Brief: Reproduce word for word, from the entries below, the line with "Il porto di", the line with "BMW 5시리즈 (F10), 2011 11", and every line between them, and nothing more.

Data to use:
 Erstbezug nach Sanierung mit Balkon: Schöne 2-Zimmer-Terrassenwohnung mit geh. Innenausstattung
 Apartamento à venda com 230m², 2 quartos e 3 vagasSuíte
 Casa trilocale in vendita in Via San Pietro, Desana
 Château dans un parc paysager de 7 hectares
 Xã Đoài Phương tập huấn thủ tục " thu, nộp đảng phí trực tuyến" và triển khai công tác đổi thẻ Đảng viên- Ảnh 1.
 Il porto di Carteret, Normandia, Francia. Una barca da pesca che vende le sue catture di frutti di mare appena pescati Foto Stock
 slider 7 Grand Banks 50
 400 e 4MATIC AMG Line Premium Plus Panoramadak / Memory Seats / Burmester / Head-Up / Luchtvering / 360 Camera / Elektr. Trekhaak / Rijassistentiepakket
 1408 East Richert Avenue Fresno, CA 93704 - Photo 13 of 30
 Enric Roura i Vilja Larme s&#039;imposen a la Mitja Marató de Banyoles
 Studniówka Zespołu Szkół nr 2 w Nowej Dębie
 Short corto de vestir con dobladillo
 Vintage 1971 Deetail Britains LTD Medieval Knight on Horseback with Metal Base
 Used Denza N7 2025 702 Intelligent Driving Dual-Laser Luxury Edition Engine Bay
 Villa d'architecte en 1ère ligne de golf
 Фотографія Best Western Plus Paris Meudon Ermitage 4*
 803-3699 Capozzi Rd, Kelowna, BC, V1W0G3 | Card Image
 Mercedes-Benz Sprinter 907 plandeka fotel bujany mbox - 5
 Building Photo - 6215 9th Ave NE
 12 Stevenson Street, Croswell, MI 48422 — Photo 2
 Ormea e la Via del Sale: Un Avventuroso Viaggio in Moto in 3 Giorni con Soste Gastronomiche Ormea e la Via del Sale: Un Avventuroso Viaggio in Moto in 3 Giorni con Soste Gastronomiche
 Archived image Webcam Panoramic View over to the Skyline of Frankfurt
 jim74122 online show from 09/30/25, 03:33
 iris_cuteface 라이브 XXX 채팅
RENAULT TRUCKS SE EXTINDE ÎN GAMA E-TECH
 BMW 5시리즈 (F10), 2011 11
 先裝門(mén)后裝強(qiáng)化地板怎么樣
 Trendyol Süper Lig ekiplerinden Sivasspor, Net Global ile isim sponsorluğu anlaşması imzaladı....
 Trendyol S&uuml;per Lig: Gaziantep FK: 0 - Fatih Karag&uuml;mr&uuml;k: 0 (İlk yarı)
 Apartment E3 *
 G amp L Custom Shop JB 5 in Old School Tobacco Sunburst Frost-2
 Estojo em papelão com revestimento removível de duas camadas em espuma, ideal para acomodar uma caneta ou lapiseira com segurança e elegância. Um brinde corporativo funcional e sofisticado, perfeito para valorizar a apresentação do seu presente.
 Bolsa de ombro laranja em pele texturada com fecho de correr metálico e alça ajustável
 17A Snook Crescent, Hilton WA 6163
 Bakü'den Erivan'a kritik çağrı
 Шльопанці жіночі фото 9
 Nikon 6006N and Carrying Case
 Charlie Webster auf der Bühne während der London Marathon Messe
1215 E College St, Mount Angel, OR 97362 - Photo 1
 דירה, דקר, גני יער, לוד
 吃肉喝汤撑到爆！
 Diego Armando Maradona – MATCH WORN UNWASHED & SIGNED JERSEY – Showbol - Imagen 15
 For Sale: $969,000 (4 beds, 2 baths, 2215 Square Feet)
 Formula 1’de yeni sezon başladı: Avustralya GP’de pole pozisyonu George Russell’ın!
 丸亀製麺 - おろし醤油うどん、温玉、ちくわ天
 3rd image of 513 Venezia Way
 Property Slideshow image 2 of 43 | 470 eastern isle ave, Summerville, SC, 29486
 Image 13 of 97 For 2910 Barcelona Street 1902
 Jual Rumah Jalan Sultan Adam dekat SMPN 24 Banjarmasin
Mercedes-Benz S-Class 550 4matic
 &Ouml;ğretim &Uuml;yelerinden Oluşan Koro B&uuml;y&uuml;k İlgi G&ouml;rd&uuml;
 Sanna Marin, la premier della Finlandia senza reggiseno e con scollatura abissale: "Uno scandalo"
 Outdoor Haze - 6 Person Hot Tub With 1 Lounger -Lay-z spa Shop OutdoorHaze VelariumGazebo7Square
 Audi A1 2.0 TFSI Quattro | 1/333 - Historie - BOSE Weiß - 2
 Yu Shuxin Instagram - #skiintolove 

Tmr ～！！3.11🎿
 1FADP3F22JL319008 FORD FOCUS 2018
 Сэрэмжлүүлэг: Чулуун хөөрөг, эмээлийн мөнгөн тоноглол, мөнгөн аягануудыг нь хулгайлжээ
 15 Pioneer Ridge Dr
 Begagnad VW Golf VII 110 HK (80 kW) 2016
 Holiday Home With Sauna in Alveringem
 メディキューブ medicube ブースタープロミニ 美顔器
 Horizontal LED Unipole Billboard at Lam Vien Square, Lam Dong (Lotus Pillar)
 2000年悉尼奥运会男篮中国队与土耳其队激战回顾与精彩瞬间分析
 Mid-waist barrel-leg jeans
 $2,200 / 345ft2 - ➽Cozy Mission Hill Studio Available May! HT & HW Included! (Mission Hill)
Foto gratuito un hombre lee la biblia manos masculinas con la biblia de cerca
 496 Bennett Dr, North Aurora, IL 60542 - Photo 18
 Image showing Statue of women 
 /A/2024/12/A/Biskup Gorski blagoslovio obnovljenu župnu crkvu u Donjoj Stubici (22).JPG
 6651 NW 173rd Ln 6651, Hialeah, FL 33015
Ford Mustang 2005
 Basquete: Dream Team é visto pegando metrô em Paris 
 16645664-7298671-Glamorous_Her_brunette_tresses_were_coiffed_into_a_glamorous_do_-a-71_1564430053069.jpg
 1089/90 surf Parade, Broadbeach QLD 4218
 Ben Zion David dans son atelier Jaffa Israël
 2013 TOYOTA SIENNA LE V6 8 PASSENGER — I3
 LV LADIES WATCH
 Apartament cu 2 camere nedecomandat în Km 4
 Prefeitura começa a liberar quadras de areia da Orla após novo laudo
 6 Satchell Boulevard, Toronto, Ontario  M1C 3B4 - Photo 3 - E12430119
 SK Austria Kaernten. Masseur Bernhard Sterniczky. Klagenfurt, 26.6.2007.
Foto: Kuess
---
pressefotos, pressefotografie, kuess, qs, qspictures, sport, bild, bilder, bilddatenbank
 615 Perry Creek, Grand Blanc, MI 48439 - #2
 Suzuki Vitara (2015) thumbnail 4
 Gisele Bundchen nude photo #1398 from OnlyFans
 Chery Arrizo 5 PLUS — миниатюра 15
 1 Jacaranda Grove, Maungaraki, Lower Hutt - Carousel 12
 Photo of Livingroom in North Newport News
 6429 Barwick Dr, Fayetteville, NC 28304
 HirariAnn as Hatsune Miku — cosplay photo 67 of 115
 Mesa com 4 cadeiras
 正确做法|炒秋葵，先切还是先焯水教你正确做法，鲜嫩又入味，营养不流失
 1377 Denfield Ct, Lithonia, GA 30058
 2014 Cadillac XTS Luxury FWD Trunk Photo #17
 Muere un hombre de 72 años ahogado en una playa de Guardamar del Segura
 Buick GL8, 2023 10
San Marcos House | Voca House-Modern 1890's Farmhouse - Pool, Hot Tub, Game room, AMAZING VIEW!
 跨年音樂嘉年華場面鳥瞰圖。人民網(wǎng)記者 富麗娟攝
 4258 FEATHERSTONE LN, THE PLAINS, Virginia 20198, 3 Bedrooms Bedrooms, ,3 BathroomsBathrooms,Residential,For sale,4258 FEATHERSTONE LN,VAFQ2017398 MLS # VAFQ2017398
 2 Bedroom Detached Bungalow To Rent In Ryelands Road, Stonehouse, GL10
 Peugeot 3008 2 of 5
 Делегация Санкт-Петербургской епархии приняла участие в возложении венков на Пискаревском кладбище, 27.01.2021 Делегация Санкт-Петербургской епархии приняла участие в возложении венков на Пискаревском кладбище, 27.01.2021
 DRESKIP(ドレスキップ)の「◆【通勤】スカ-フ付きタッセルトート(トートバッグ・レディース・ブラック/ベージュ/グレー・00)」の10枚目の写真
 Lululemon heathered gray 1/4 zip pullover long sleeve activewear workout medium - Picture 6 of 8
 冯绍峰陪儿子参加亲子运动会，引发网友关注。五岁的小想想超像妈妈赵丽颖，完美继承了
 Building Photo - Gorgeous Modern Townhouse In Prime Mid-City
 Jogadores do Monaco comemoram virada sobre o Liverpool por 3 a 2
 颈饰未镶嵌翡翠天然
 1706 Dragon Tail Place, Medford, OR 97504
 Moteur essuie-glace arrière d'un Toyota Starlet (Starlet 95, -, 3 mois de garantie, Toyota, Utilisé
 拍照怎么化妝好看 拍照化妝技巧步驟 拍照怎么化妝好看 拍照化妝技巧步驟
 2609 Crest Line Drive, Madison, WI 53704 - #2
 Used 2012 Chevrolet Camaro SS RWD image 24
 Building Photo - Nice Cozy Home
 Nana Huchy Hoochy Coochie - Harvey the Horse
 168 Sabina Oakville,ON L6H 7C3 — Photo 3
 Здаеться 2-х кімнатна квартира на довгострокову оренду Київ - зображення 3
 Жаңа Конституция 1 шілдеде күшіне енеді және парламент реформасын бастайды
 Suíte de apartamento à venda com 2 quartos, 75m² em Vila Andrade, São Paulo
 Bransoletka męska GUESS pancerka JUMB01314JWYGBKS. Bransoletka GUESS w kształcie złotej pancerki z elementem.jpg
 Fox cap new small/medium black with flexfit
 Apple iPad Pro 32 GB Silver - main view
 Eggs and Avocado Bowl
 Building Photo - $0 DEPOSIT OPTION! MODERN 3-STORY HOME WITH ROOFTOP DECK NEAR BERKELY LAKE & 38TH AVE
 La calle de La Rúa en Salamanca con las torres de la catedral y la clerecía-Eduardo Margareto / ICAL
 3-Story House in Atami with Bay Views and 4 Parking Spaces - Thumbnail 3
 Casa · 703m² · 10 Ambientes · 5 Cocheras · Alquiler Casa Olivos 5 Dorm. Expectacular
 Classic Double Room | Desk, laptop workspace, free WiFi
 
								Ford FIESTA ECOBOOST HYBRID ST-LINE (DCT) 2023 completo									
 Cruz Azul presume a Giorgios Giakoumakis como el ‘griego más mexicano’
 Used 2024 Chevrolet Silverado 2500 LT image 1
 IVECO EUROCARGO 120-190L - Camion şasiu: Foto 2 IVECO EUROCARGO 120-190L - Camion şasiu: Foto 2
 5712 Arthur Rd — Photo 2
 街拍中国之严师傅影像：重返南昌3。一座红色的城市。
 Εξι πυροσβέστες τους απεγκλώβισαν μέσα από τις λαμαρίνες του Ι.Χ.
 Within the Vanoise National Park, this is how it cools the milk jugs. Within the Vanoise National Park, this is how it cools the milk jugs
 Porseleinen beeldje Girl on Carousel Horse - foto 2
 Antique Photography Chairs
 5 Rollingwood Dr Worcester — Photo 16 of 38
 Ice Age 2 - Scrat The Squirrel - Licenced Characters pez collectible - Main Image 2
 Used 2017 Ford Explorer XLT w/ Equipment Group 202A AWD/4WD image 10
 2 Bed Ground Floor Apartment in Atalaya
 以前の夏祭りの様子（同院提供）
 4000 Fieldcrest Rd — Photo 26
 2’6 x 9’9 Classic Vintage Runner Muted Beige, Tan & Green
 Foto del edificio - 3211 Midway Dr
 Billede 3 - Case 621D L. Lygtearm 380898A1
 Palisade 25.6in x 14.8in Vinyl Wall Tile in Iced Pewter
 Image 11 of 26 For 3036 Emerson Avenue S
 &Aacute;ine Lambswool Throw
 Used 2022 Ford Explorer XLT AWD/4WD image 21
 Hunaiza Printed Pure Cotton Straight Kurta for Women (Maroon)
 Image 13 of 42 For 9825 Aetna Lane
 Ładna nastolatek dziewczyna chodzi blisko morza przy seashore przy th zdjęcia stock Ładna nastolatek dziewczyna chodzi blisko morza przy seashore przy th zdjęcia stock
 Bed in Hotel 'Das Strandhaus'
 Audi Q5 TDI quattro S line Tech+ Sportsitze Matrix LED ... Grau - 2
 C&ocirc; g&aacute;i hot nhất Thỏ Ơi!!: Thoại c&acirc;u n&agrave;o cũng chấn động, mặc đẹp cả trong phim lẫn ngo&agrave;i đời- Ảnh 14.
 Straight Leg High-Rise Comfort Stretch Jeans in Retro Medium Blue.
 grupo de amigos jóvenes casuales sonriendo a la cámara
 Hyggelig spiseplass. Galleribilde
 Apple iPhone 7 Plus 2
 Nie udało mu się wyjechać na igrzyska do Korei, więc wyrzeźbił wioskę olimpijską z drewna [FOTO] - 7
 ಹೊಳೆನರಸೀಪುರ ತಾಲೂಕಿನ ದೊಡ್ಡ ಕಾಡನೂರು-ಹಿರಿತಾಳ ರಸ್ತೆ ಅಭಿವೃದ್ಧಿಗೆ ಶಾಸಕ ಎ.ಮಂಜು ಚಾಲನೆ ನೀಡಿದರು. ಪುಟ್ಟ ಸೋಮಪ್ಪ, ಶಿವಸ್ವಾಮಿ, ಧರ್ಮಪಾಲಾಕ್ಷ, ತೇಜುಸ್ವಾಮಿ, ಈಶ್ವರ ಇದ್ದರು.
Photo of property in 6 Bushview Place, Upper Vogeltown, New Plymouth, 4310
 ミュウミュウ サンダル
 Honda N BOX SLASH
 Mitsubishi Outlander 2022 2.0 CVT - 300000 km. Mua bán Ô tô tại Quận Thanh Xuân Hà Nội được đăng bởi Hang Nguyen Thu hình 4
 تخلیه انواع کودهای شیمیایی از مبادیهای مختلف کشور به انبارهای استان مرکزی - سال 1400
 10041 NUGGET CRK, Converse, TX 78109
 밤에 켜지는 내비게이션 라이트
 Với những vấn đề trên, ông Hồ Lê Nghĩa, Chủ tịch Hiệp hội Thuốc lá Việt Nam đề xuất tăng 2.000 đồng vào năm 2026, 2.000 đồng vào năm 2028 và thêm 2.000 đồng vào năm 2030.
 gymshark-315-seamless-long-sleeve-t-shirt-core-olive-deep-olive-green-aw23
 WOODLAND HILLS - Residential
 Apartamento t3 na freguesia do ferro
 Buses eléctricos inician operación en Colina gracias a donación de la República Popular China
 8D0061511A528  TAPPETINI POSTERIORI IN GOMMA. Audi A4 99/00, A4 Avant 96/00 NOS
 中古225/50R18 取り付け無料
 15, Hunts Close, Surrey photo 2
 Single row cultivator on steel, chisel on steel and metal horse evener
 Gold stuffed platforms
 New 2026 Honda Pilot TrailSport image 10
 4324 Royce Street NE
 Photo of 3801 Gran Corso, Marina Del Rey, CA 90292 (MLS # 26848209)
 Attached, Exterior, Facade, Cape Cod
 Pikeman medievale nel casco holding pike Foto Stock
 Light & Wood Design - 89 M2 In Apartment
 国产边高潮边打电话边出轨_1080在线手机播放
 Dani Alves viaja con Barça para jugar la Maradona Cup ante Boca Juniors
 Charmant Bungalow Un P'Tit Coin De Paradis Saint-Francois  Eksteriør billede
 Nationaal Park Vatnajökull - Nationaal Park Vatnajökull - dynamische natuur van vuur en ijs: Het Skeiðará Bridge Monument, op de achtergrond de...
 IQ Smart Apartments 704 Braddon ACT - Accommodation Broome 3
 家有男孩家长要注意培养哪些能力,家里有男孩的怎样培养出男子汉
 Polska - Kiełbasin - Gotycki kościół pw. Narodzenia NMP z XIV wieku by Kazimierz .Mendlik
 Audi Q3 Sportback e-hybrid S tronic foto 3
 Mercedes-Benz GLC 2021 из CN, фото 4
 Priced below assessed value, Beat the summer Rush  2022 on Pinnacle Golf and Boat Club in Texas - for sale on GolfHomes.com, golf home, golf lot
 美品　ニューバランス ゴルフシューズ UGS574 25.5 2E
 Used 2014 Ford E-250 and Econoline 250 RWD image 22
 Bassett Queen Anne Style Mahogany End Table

Answer space:
 Il porto di Carteret, Normandia, Francia. Una barca da pesca che vende le sue catture di frutti di mare appena pescati Foto Stock
 slider 7 Grand Banks 50
 400 e 4MATIC AMG Line Premium Plus Panoramadak / Memory Seats / Burmester / Head-Up / Luchtvering / 360 Camera / Elektr. Trekhaak / Rijassistentiepakket
 1408 East Richert Avenue Fresno, CA 93704 - Photo 13 of 30
 Enric Roura i Vilja Larme s&#039;imposen a la Mitja Marató de Banyoles
 Studniówka Zespołu Szkół nr 2 w Nowej Dębie
 Short corto de vestir con dobladillo
 Vintage 1971 Deetail Britains LTD Medieval Knight on Horseback with Metal Base
 Used Denza N7 2025 702 Intelligent Driving Dual-Laser Luxury Edition Engine Bay
 Villa d'architecte en 1ère ligne de golf
 Фотографія Best Western Plus Paris Meudon Ermitage 4*
 803-3699 Capozzi Rd, Kelowna, BC, V1W0G3 | Card Image
 Mercedes-Benz Sprinter 907 plandeka fotel bujany mbox - 5
 Building Photo - 6215 9th Ave NE
 12 Stevenson Street, Croswell, MI 48422 — Photo 2
 Ormea e la Via del Sale: Un Avventuroso Viaggio in Moto in 3 Giorni con Soste Gastronomiche Ormea e la Via del Sale: Un Avventuroso Viaggio in Moto in 3 Giorni con Soste Gastronomiche
 Archived image Webcam Panoramic View over to the Skyline of Frankfurt
 jim74122 online show from 09/30/25, 03:33
 iris_cuteface 라이브 XXX 채팅
RENAULT TRUCKS SE EXTINDE ÎN GAMA E-TECH
 BMW 5시리즈 (F10), 2011 11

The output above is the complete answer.